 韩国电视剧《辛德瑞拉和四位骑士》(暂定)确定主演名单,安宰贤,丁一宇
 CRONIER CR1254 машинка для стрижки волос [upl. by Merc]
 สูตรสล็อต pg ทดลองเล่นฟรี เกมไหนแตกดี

---

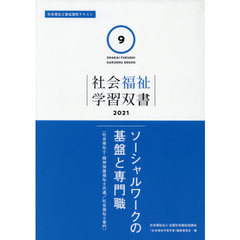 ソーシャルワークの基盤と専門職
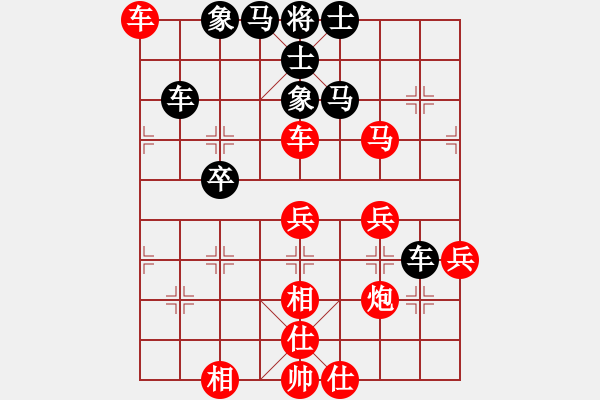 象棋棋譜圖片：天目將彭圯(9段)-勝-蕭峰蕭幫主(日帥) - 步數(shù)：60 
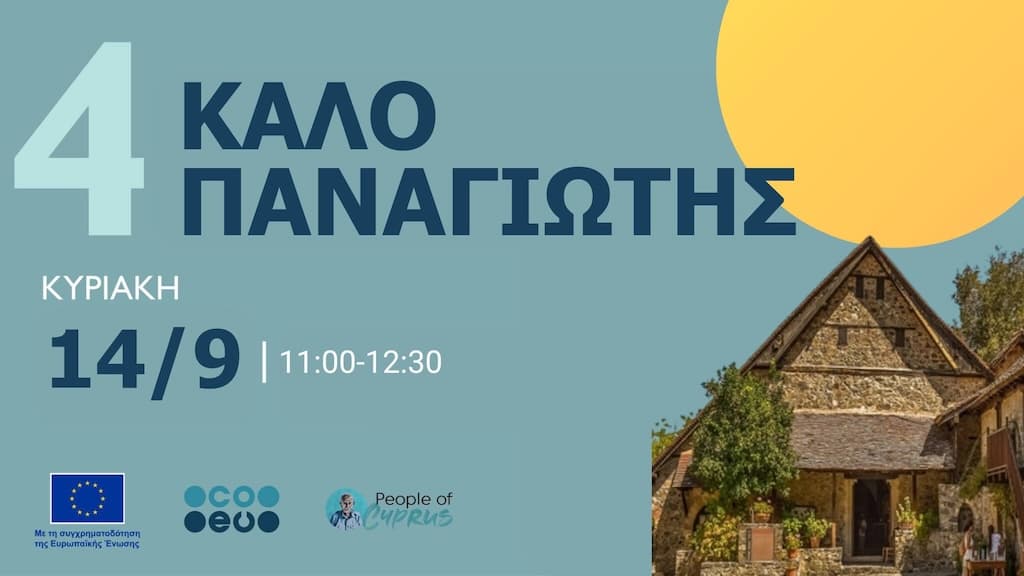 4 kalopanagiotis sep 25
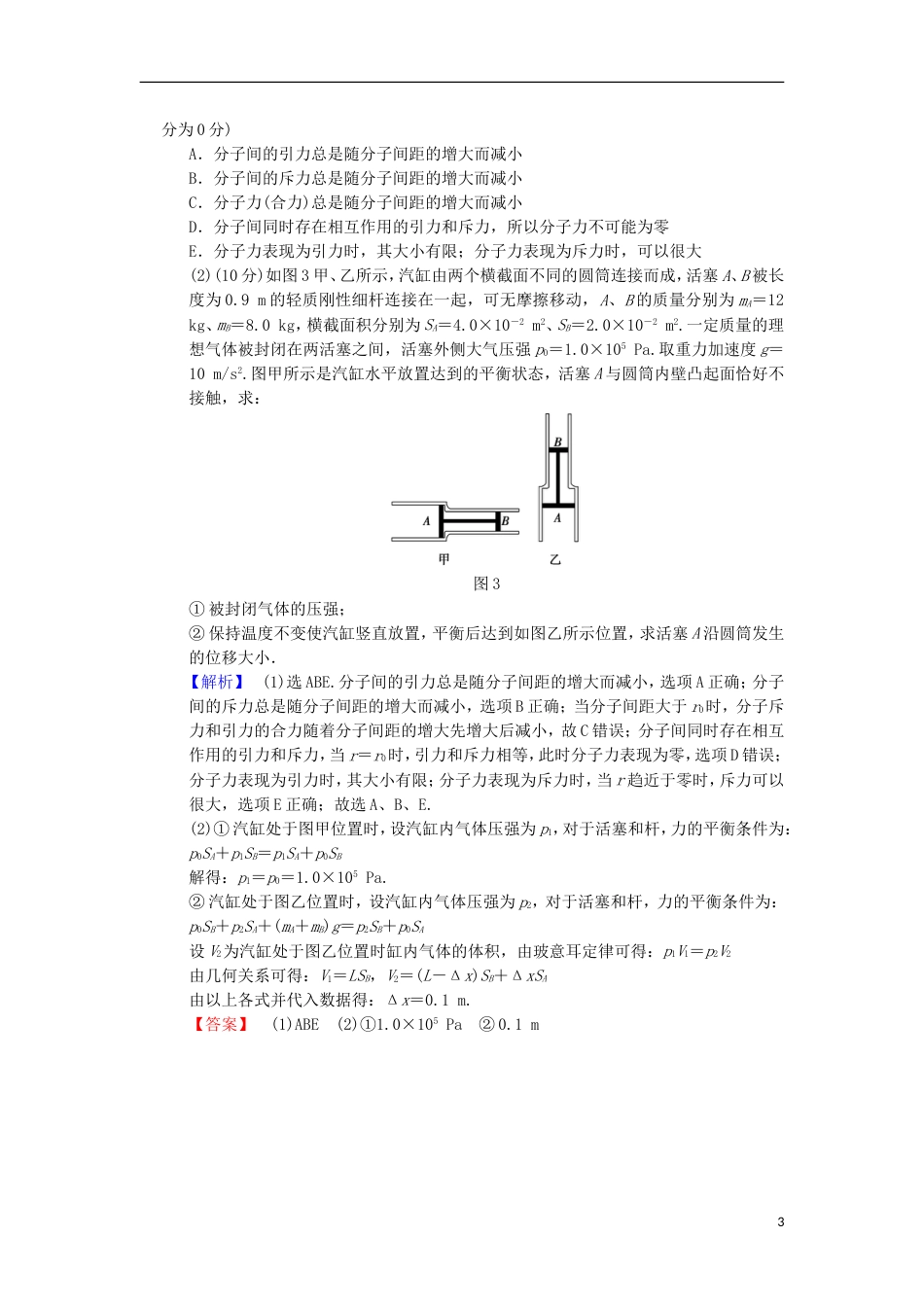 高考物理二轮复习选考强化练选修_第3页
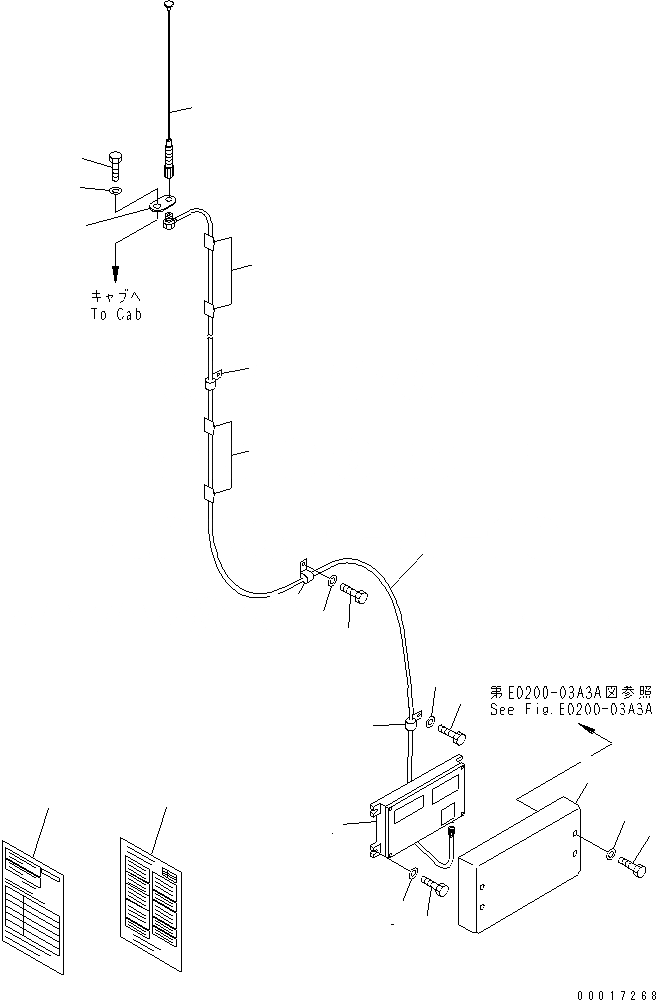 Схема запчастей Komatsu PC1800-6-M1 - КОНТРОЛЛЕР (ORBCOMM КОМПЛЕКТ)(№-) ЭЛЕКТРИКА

--

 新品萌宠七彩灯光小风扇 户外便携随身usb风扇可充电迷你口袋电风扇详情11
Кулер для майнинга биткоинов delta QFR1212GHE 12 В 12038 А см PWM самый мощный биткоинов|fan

**PROBLEM DESCRIPTION**
Above are the records. Print exactly, and only, the lines from the line with "韩国电视剧《辛德瑞拉和四位骑士》(暂定)确定主演名单,安宰贤,丁一宇" to the line with "สูตรสล็อต pg ทดลองเล่นฟรี เกมไหนแตกดี", both inclusive.

**RESULT OF THE EXERCISE**
 韩国电视剧《辛德瑞拉和四位骑士》(暂定)确定主演名单,安宰贤,丁一宇
 CRONIER CR1254 машинка для стрижки волос [upl. by Merc]
 สูตรสล็อต pg ทดลองเล่นฟรี เกมไหนแตกดี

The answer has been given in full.